# [Information shown]
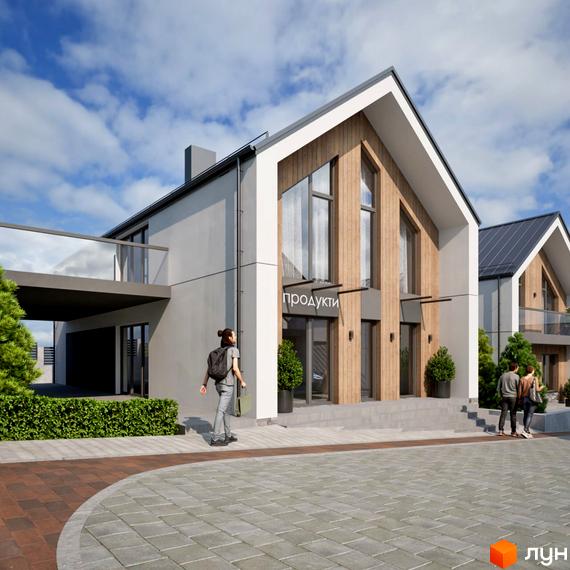 Котеджне містечко KM Zlagoda-Hills з фасадами з дерева та білої штукатурки, великими вікнами та доглянутою прибудинковою територією з зеленими насадженнями.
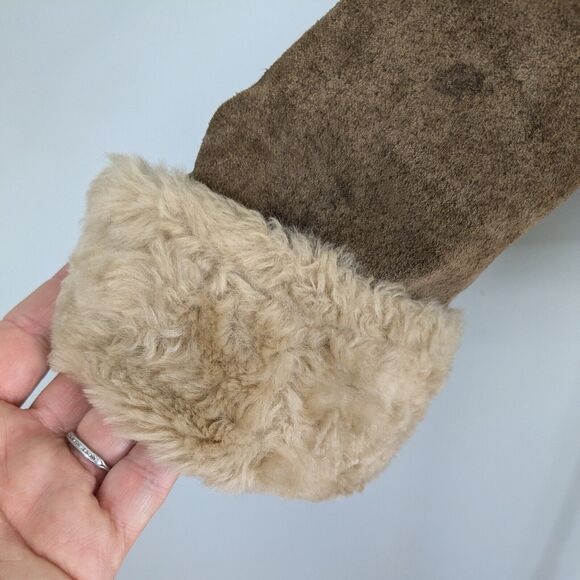 Vintage Mudd Suede Jacket M Brown Penny Lane Y2K Boho Shearling Faux Fur Retro - Picture 6 of 15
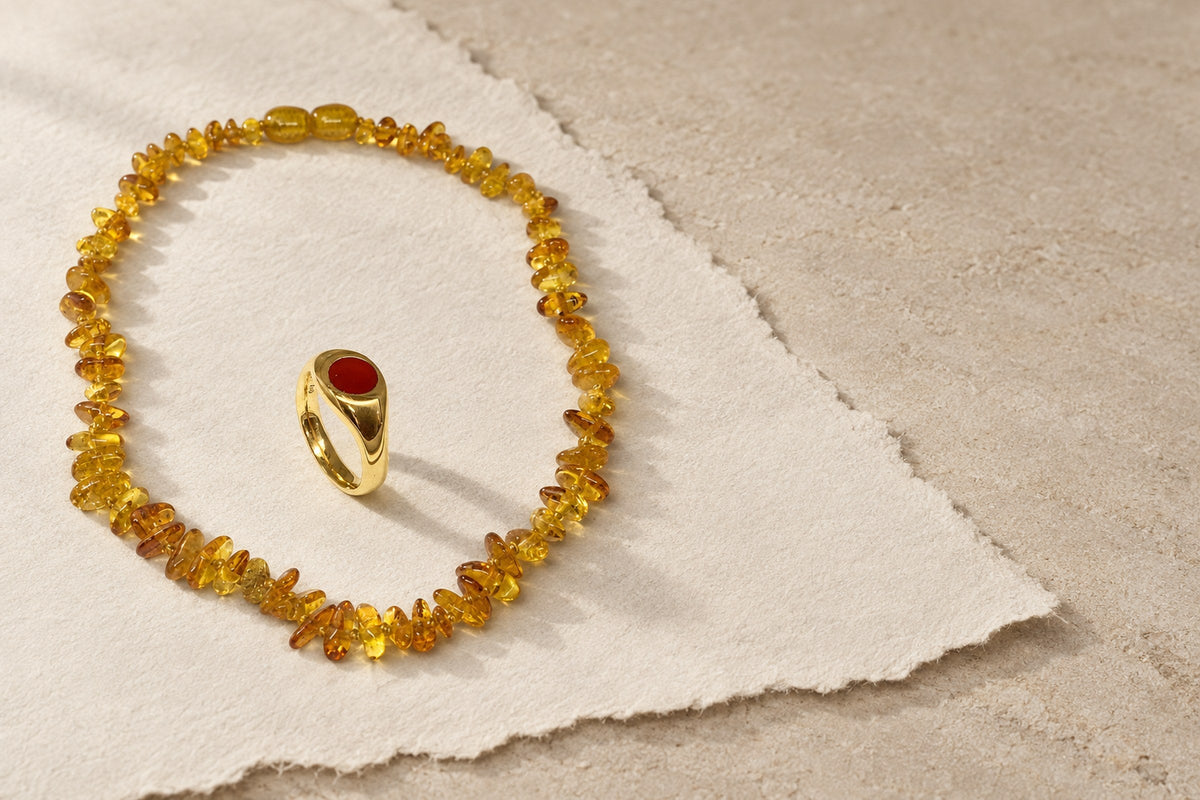 Lesunja Orange Gemstones - Pure Nature Amber Stone Necklace, handgefertigt in der Schweiz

# [Problem]
All that is needed is an exact copy of the lines from the line with "Vintage Mudd Suede" through the end of the listing, both ends included, with no pictures.

# [Reply to the task]
 Vintage Mudd Suede Jacket M Brown Penny Lane Y2K Boho Shearling Faux Fur Retro - Picture 6 of 15
 Lesunja Orange Gemstones - Pure Nature Amber Stone Necklace, handgefertigt in der Schweiz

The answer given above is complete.